Data Pipeline: swepy.pipeline

class swepy.pipeline.Swepy(working_dir=None, ul=None, lr=None, outfile19='all_days_19H.nc', outfile37='all_days_37H.nc', high_res=True)

Bases: object

Class to facilitate the scraping/subsetting/concatenating of tB files for SWE analysis.

check_params()

Helper function to check that all the class members are set before attempting to web scrape or subset.

Used by test suite and to check params are set before scraping.

clean_dirs()

Delete files in directory Useful for cleaning up with repeated testing

concatenate(outname19=None, outname37=None, all=False)
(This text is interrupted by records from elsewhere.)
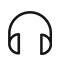 ic-headphone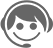 售后服務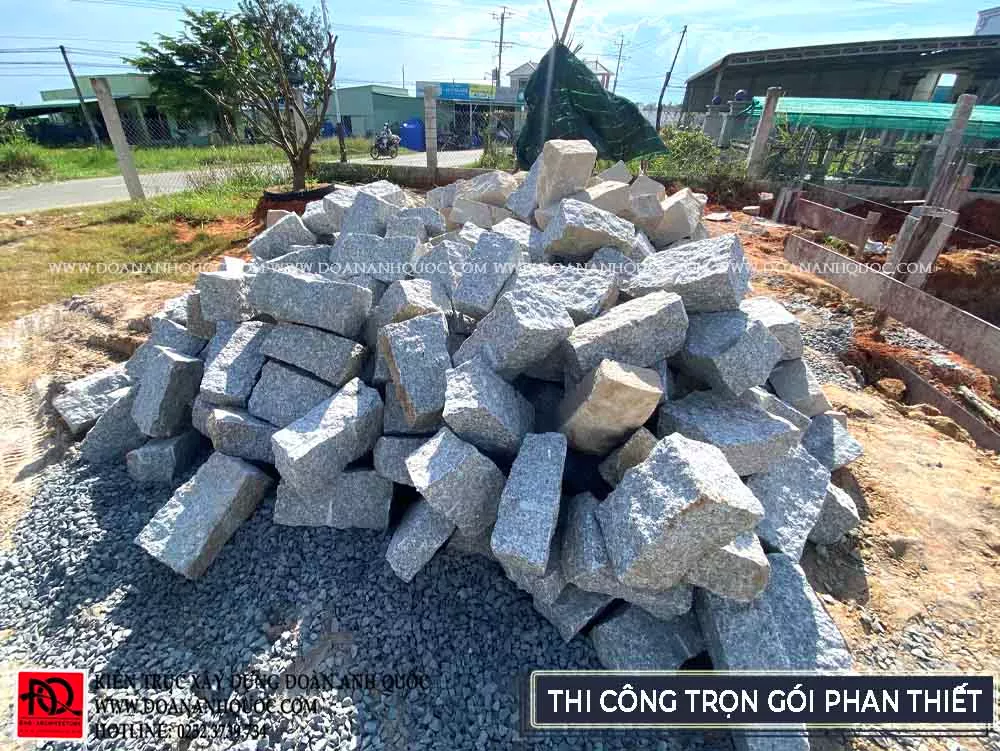 hoan-thien-xay-tho-nha-cap-4-phan-thiet hoan-thien-xay-tho-nha-cap-4-phan-thiet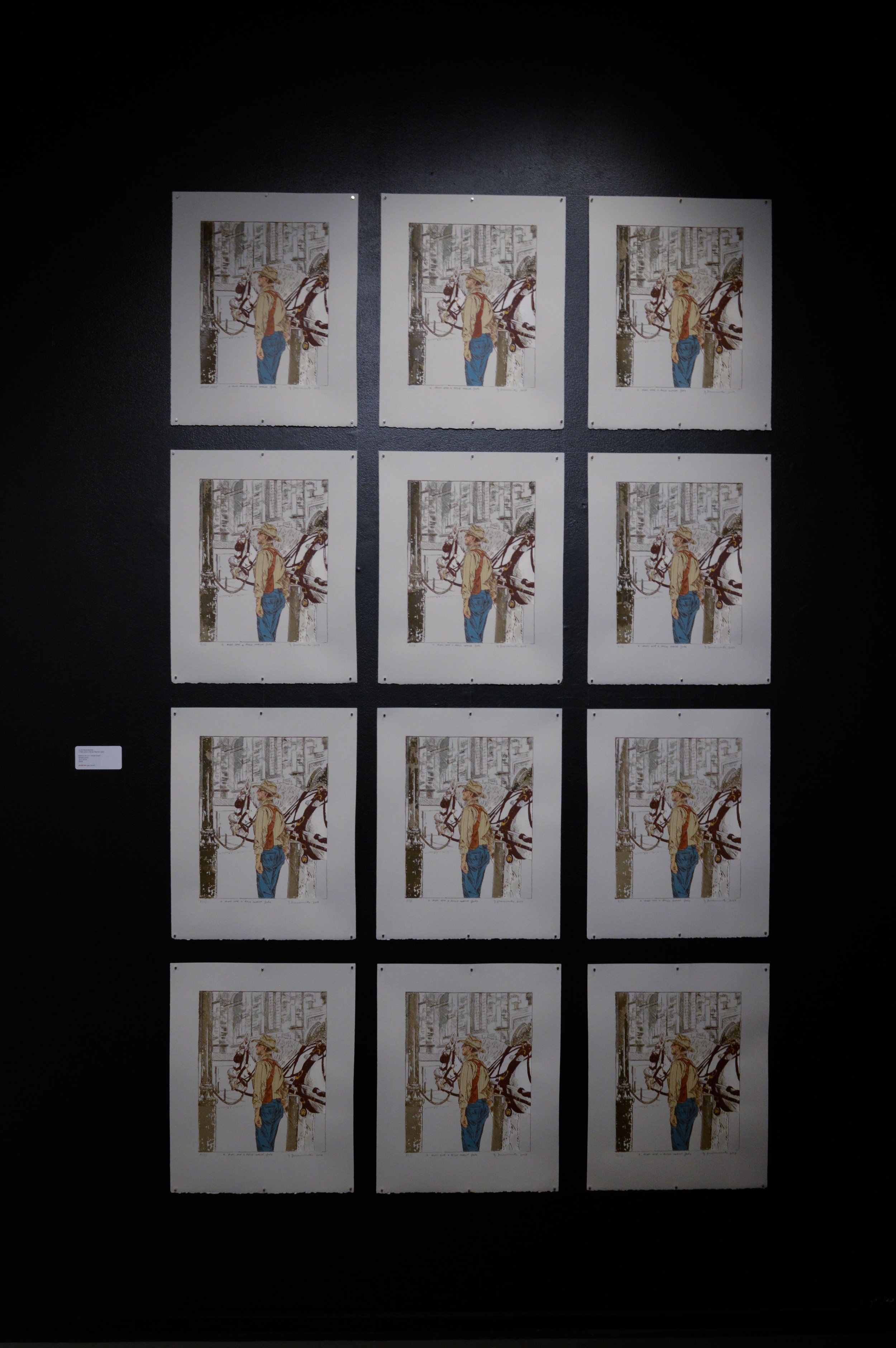 _DSC0035.jpeg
Function to concatenate files in the subsetted data folders. Input parameter is simply to allow for nesting of functions.

Parameters
  • outname19 (str) – output file name for 19Ghz

  • outname37 (str) – output file name for 37GHz

  • all (Boolean) –

convert_netcdf_zarr(outname19='zarr19', outname37='zarr37')

Convert netCDF files into zarr directories for storage in S3

Parameters
  • outname19 (string (optional)) – name of the directory to store 19H file

  • outname37 (string (optional)) – name of the directory to store 37H file

Returns

dict – dictionary with filename as key and the zarr object generated as the value

Return type

{outname19:zarr_obj, outname37:zarr_obj}

final_concat()

Manage the final concatenation for scrape_all

get_directories(path)

Given a working directory, create data directories if non-existent

Parameters

path (str) – working directory to create data directories

get_file(date, channel)

Function that uses date and channel to find optimal file composition and return the file params for the web scraper’s use. :param date: date to find file path for :type date: datetime :param channel: 19H vs 37H channel :type channel: str

get_grid(lat1, lat2)

Check which regions the lats fall into. Based on the grid, instantiate the ease grid conversion object.

Parameters
  • lat1 (int) – Upper Left Latitude

  • lat2 (int) – Lower Right Latitude

get_sensor(date)

Helper function to return optimal sensor for a given date

Parameters

date (datetime.date()) – date to find sensor information

get_xy(ll_ul, ll_lr)

Use nsidc scripts to convert user inputted lat/lon into Ease grid 2.0 coordinates

Parameters
  • ll_ul ([float, float]) – Latitude and longitude for upper left coordinates

  • ll_lr ([float, float]) – Latitude and longitude for lower right coordinates

static safe_subtract(tb19, tb37)

Check size of each file, often the 19 and 37 matrices are one unit off of eachother.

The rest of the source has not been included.